Auf der anderen Seite gilt auch: Es gibt keine eindeutige Definition, was Fake-News überhaupt sind. Was wahr oder falsch ist, entspricht beispielsweise auch der subjektiven Einordnung der Rezipienten. Hier kann Transparenz helfen: Wer schreibt eigentlich? Was will das Medium? Welches sind die Quellen, aus denen die Nachricht entstanden ist? Eines steht fest: Falsche Fakten werden dann zum Problem, wenn sie auch von seriösen Quellen multipliziert werden. Dann kann eine konstruierte Realität entstehen, in der Medien kein Spiegel der Wirklichkeit mehr sind, sondern sie selbst erschaffen.
Der hohe Wirkungsgrad der durch Social Bots verbreiteten Fake News entsteht in erster Linie durch ihre Quantität. Wie Heuschrecken fallen sie über die sozialen Medien her – inhaltliche oder formale Qualität sind zweitrangig. Die Intention: Die öffentliche Meinung in Schieflage bringen und Trends (Wahlergebnisse, Aktienkurse, etc.) in eine gewünschte Richtung treiben.
Good bot, bad bot
Nun ist Bot nicht gleich Bot. Zum einen natürlich, weil jeder Bot nur die Intentionen seiner Programmierer wiederspiegelt. Zum anderen, weil Bots nicht nur der Meinungsverbreitung dienen, sondern auch der intelligenten Erfassung und Auswertung von Daten. Dadurch können Bots als Fahnder programmiert werden – manchmal auch martialisch als "Propaganda Bot Hunter" bezeichnet.

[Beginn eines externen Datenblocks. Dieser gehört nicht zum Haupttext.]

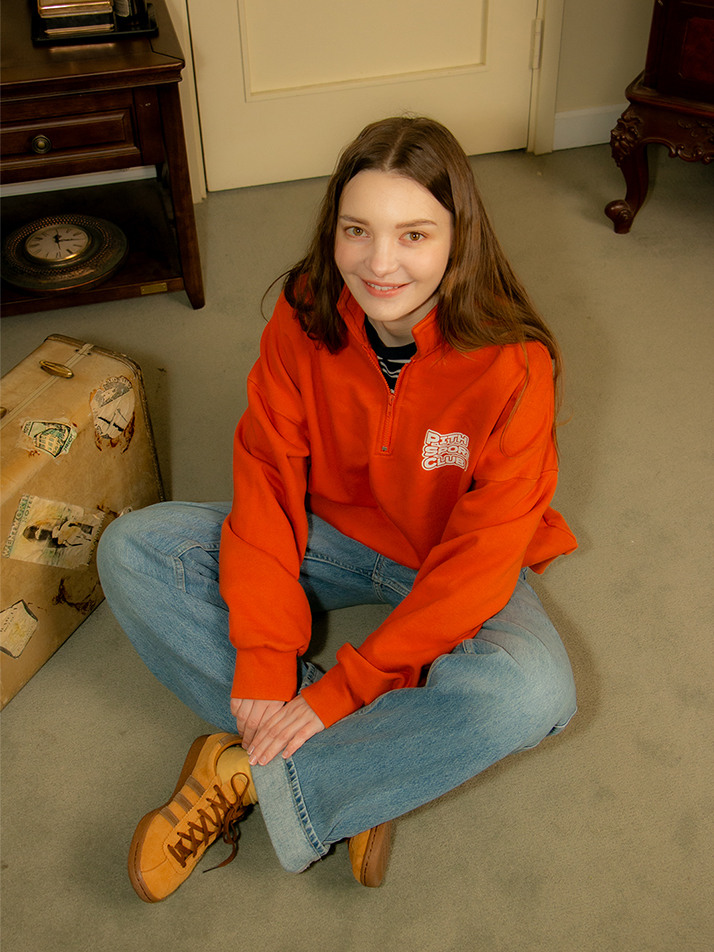 Pithsports Half Zip-up Sweatshirt (Orange) 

Denn Maschinen können besser beurteilen, welche News originär sind und welche nicht. Weil sie in sekundenschnelle Tausende von Websites crawlen, Inhalte vergleichen und Unregelmäßigkeiten – beziehungsweise in diesem Falle eher auffällige Regelmäßigkeiten – erfassen.
Was heißt das für die Zukunft?
Nun ja, am Ende des Tages wird uns ein Wettlauf erwarten, wie wir ihn aus der Computerviren-Bekämpfung kennen: Die einen entwickeln Bots, die Schaden bringen, die anderen Bots, die sie bekämpfen. Und da hinter (fast) jedem Bot künstliche Intelligenz und das Prinzip des Machine Learnings stehen, läuft der Kampf vielleicht bald ganz ohne uns. Die Robolution kann beginnen.

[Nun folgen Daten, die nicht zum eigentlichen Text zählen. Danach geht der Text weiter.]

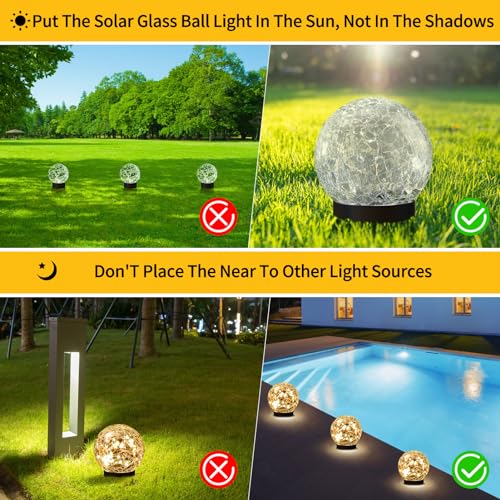Solar Globe Lights Outdoor Waterproof Balls - Warm White, 4 Globes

So erkennen Sie Meinungsroboter:
"Stolpert man in der Timeline über radikale Positionen oder aufrührerische Nachrichten, sollte man sich zunächst die Quelle anschauen: Kennt man die Person, die dort angeblich twittert? Kenne ich Follower des Accounts? Ist das nicht der Fall, ist Vorsicht geboten. Weitere Indizien liefert eine unseriöse Profilbeschreibuing, eine "unmenschlich" hohe Tweetanzahl, eine zu schnelle Reaktzionszeit oder der Praxistest mit einer Frage, die Kontextwissen erfordert und Bots – noch – überfordert. (Quelle: Spiegel Online)
Was ist überhaupt ein Chatbot?
Chatbots sind eine von vielen Anwendungsmöglichkeiten der Künstlichen Intelligenz. Der Begriff bezeichnet textbasierte Systeme, die mit Menschen in den Dialog treten. Chatbots können als virtuelle Berater (z.B. für Kleidung, Reisen, Restaurants), virtuelle Assistenten (Anfragen bei Behörden, Universitäten), intelligente Suchmaschinen (indem Präferenzen abgefragt werden) oder als virtuelles Call Center eingesetzt werden. Dies kann schriftlich wie auch über die gesprochene Sprache (etwa Amazon Echo, Google Home) geschehen.
Bisher sind die Reaktionen von Redakteuren vorgegeben, "intelligent" ist der Abgleich des Sprachinputs mit internen Datenbanken. Innerhalb von sozialen Netzwerken und den zugehörigen Messenger-Diensten lassen sich spezielle Chatbots nutzen, sogenannte Social Bots. Anders als in der häufigen Anwendungsform der Chatbots, dem Kundenservice, haben die meisten Social Bots ihre Heimat im Marketing.